Zalane łąki, drogi i pola. Mieszkańcy co roku tracą setki tysięcy złotych, bo Wieprz niszczy im uprawy. - Przeżywamy koszmar - załamują ręce gospodarze.
W całej wsi zalanych jest 160 hektarów ziemi. - Co nam po takim polu? Nawet kombajn nie ma szans, żeby tam wjechać - dodaje Wojtaś.
W najgorszej sytuacji jest Wiesław Guz, który mieszka przy samych łąkach. - Zalało mi nawet stodołę. Jak ja mam żyć? - rozkłada ręce Guz. Jego zdaniem, najgorsze jeszcze przed nimi. - Teraz nie ma deszczu ani śniegu i woda stoi, a jak popada, to wtedy rzeka popłynie asfaltem. Jak co roku...
- Najgorsze, że władze nie chcą nam umorzyć podatku za ziemię. A przecież prawie z niej nie korzystamy. Przez to mamy ogromne długi - tłumaczy sołtys. Jego zdaniem, problem rozwiązałoby usypanie wału lub zrobienie odwodnienia.
- Wał nic nie pomoże, bo mi woda zaleje całe gospodarstwo i dom. Trzeba najpierw Wieprz uregulować. Na razie może władze by nam ufundowały buty rybackie - dodaje pan Wiesław.

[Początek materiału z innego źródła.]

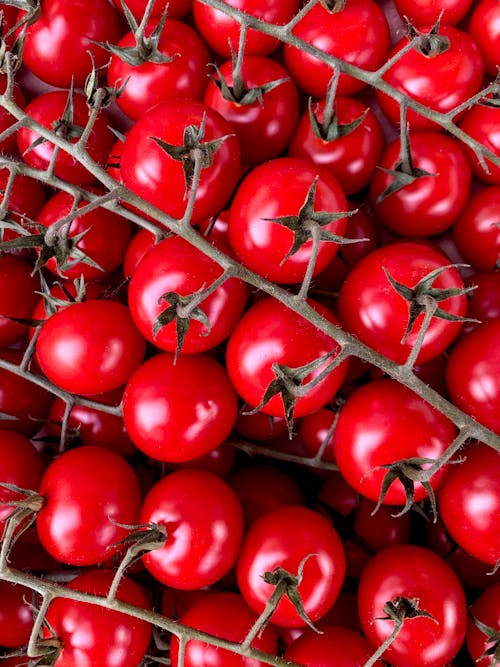 건강한, 과일, 빨간 토마토의 무료 스톡 사진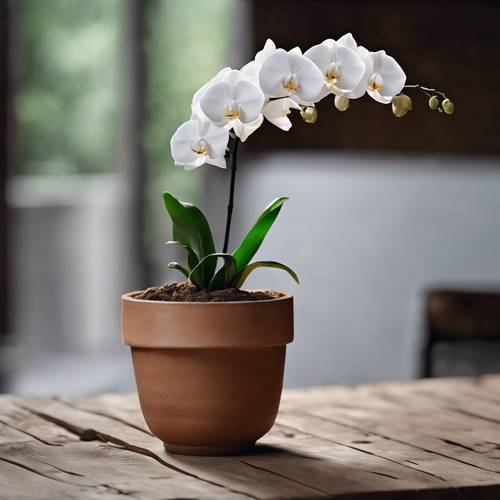 Uma única orquídea branca em um vaso de barro colocado sobre uma mesa de madeira rústica.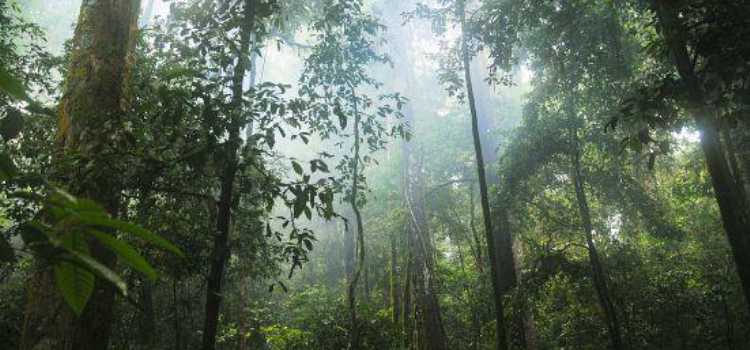 kayu merbau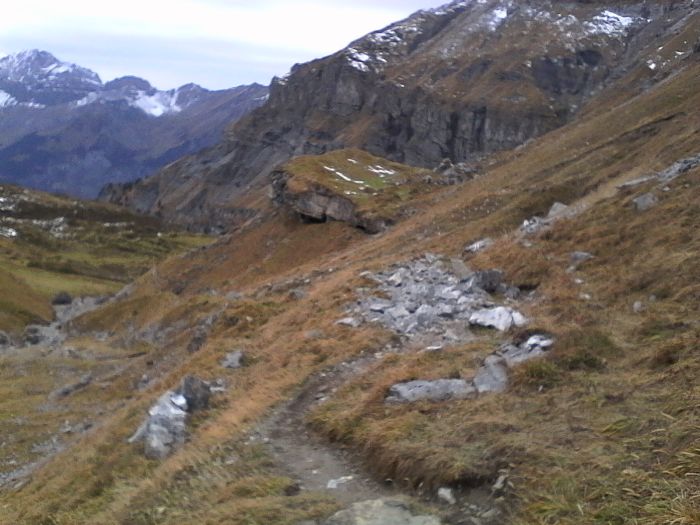 IMG_20201022_170012.jpg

- Trzeba przede wszystkim uregulować nurt rzeki. Ale my nie mamy na to ani sił, ani pieniędzy. A same chęci nie wystarczą - wyjaśnia Futera. I zapewnia, że gmina złożyła już wniosek do wojewody o pieniądze na remont dróg, które zalała rzeka. - Mam też nadzieję, że pogoda nam pomoże i woda sama odpłynie - dodaje.
Rolnicy mają też szansę na umorzenie podatku gruntowego, ale będą musieli indywidualnie wykazać straty.
Burmistrz pytany o to, czy kupi rolnikom buty rybackie odpowiada: Nie mówię nie - i czeka na zainteresowanych.